As brilliant as many of these pieces are, not all are successful, particularly the few that dive into that weird, absurdist world Wallace so perfectly captured in his famous novel Big Fish. “The Men in the Woods” attempts to say something profound about male female relationships by showing us a group of country club types banished to a camp in the woods by their wives, but falls flat, and “Snow” shows us a mother who literally disappears in the snow looking for her errant son in what feels like an allegory rather than a fully developed story.
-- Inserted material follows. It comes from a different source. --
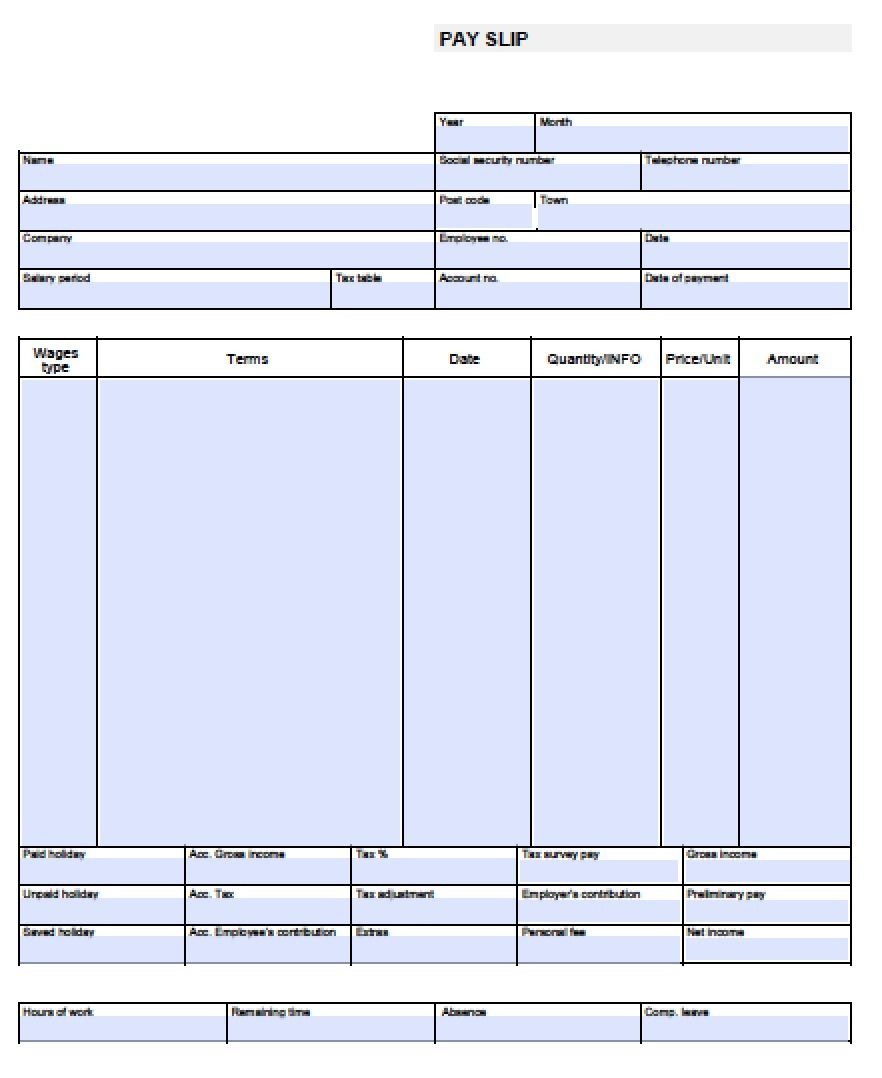 Free Printable Pay Stub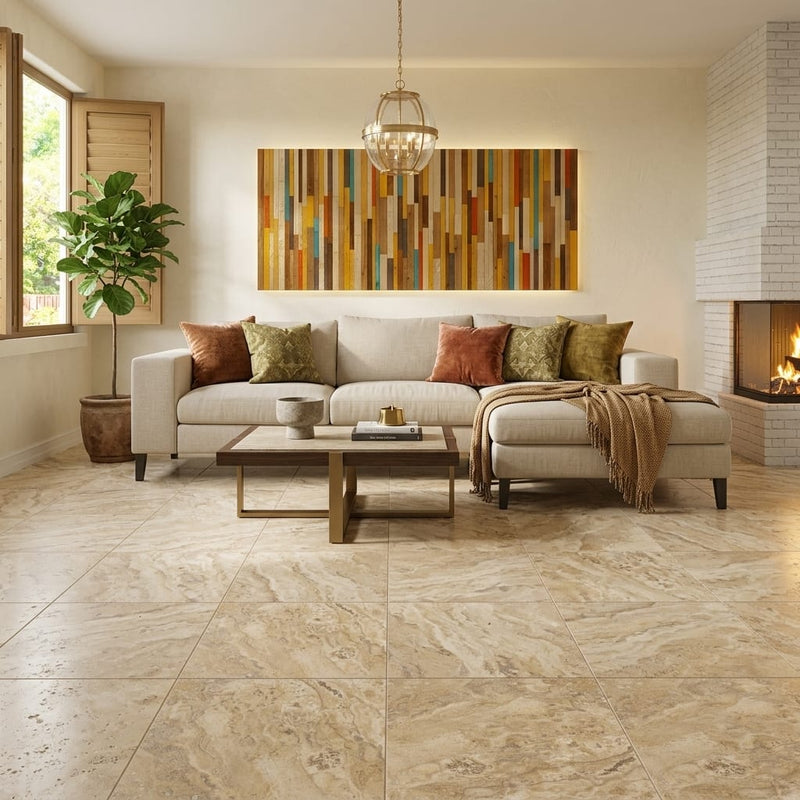 Philadelphia Travertine 24x24 Filled & Honed Travertine Tile — Living Room floor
These misses still contain beautiful imagery and sentence work, though, even if the stories themselves don’t quite land.

The collection ultimately succeeds, even soars, through its simple humanity, its quiet loneliness, and in its sparse and beautiful prose.

Kent Quaney’s novel One Breath from Drowning was published by the University of Wisconsin Press in 2022. His stories and essays have appeared in numerous publications, most recently The Los Angeles Review, The McNeese Review, and Bull. He currently teaches at Auburn University Montgomery where he is Creative Writing Coordinator.